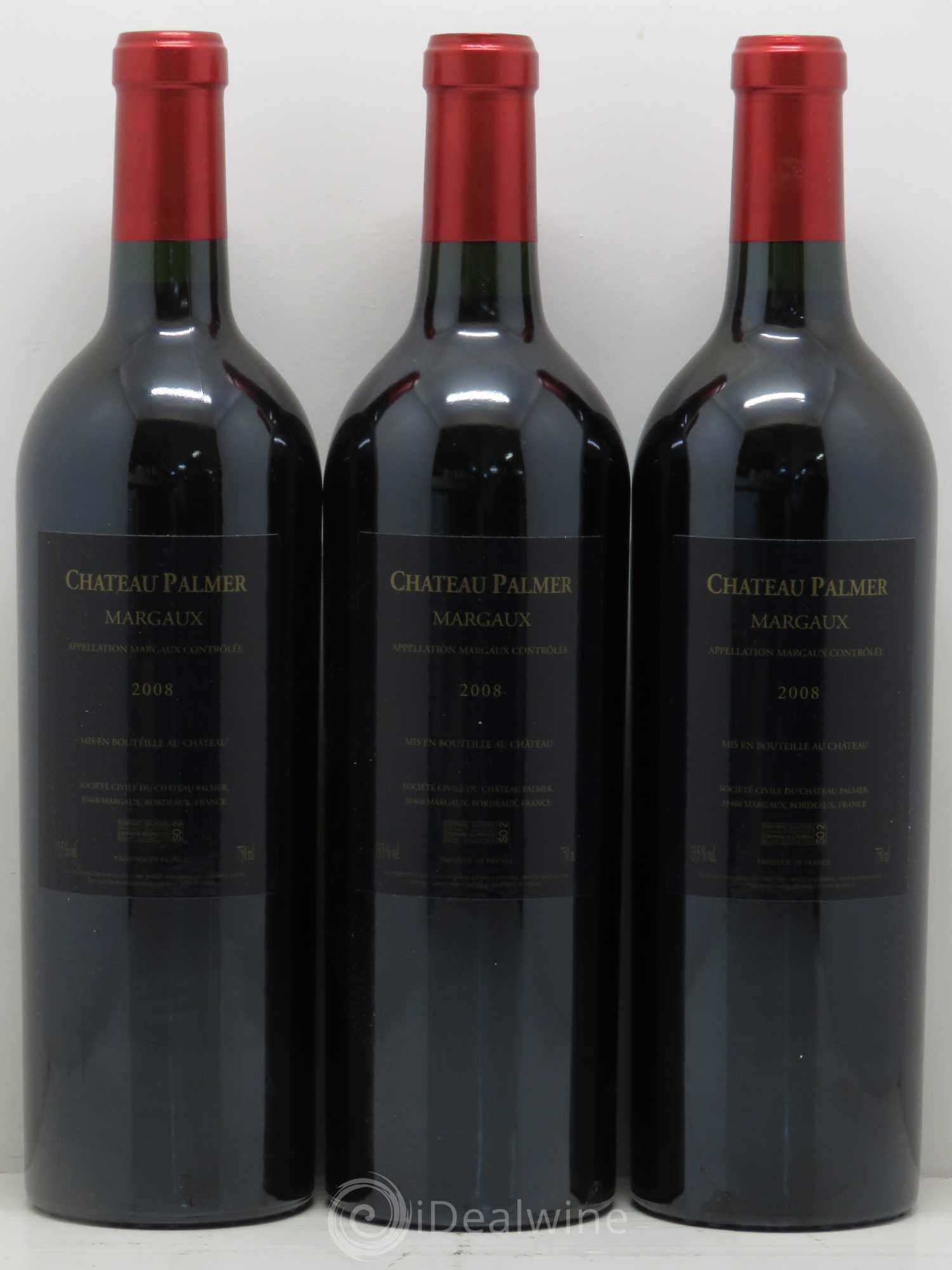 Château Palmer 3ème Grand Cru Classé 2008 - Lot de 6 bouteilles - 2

---

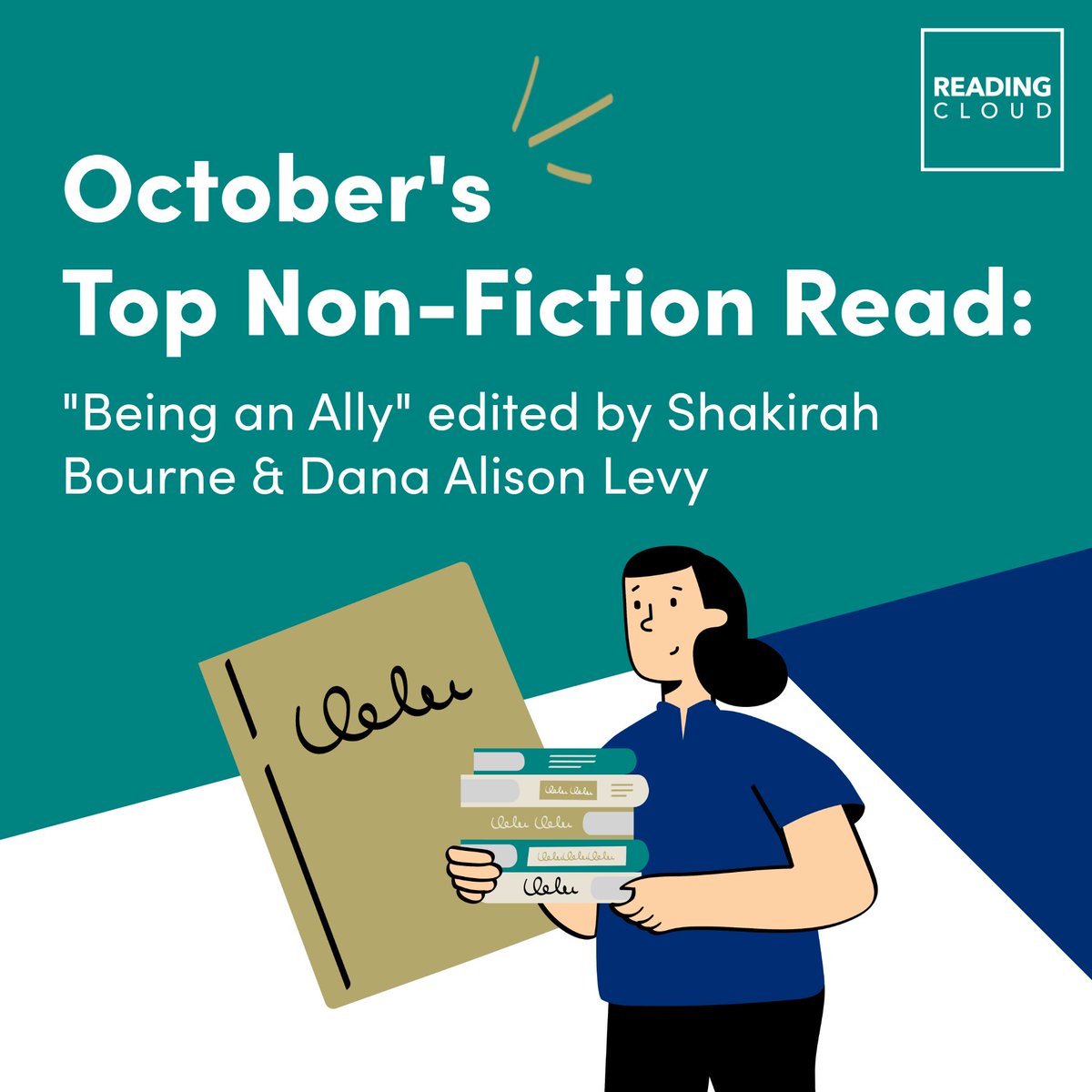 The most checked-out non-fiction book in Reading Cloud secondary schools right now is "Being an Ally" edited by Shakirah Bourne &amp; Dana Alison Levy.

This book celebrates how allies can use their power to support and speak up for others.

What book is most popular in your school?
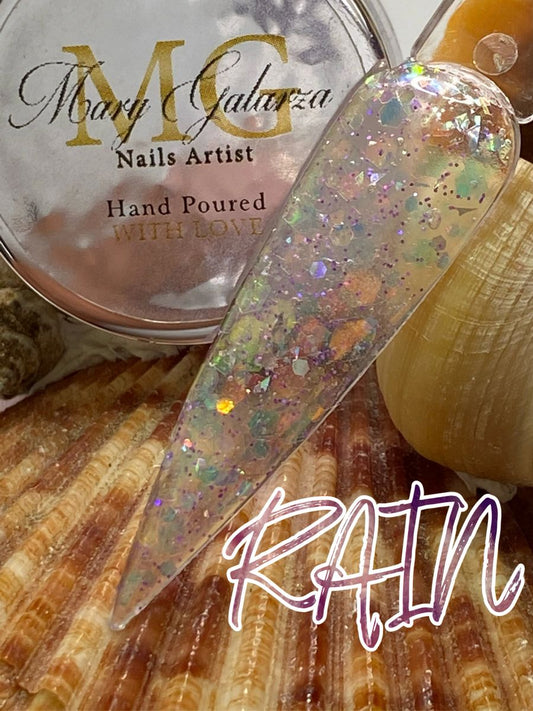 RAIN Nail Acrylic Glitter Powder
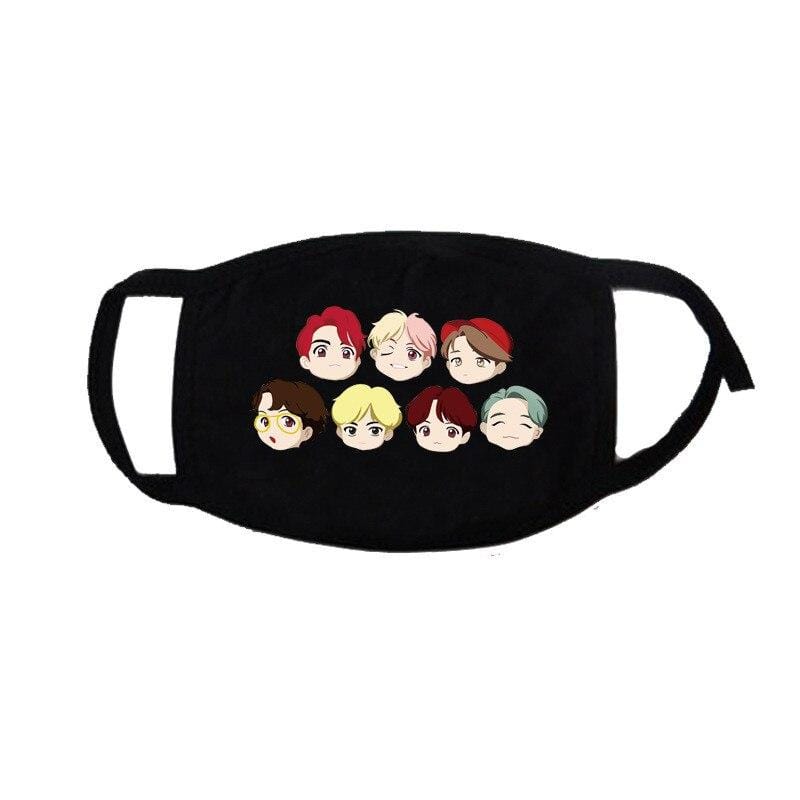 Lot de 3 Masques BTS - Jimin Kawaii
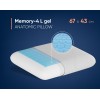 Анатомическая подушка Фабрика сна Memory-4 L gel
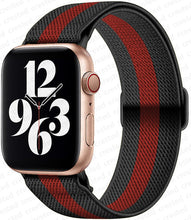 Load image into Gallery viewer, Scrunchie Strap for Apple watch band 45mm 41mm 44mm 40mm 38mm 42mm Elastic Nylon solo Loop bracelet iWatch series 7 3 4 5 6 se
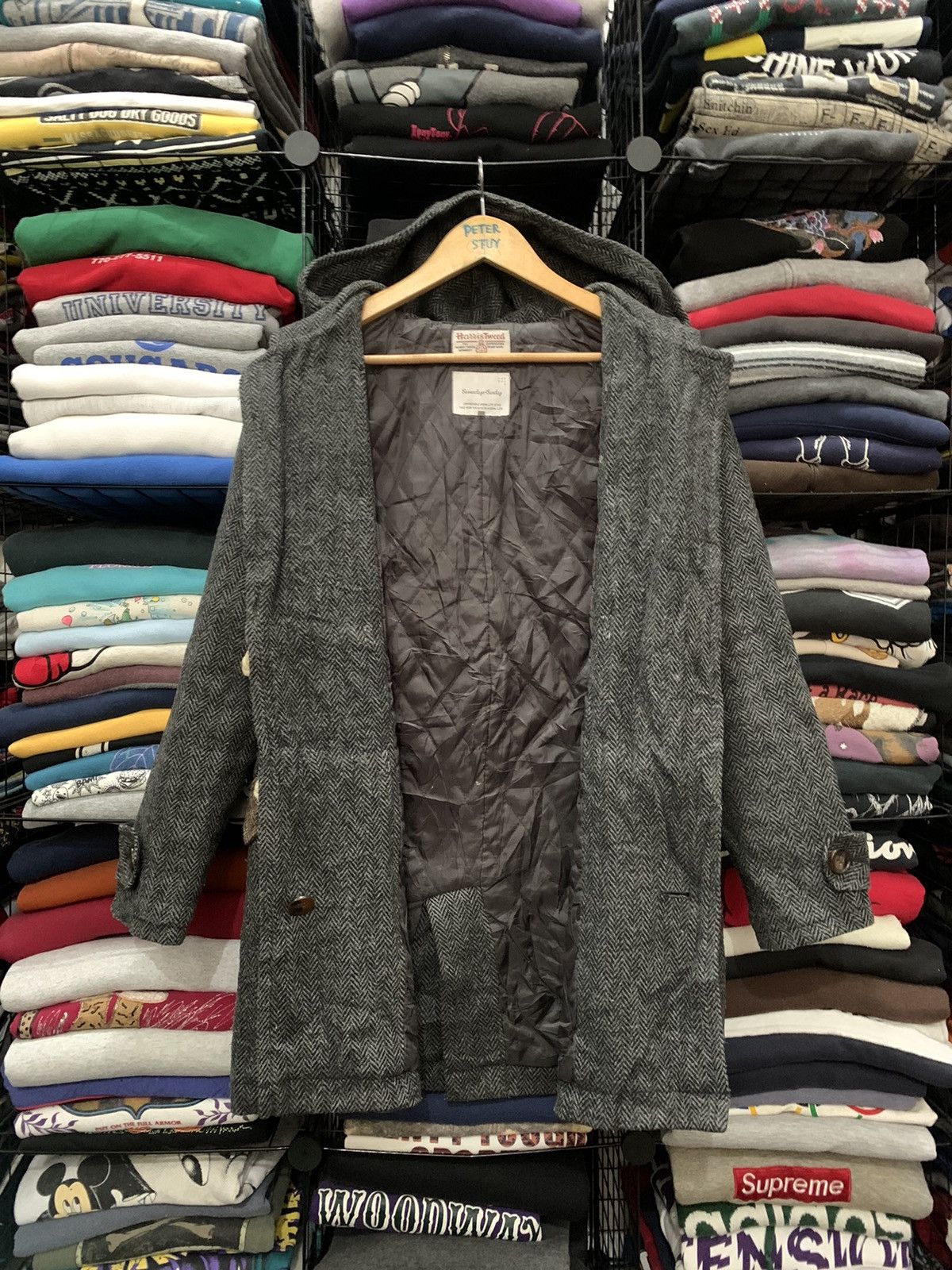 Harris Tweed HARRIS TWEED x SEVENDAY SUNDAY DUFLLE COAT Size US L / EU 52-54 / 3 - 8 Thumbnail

--

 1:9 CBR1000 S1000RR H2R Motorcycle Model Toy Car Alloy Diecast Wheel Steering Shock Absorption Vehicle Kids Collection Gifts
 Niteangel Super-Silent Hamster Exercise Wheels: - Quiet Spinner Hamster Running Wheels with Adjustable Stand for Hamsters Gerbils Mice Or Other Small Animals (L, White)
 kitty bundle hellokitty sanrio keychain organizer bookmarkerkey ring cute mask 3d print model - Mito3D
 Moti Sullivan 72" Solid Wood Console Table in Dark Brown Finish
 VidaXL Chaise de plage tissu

*EXERCISE DESCRIPTION*
In the data above, start at the line holding "The most checked-out" and stop after the line holding "Анатомическая подушка Фабрика"; write out those lines exactly, without pictures.

*YOUR RESPONSE*
 The most checked-out non-fiction book in Reading Cloud secondary schools right now is "Being an Ally" edited by Shakirah Bourne &amp; Dana Alison Levy.

This book celebrates how allies can use their power to support and speak up for others.

What book is most popular in your school?
 RAIN Nail Acrylic Glitter Powder
 Lot de 3 Masques BTS - Jimin Kawaii
 Анатомическая подушка Фабрика сна Memory-4 L gel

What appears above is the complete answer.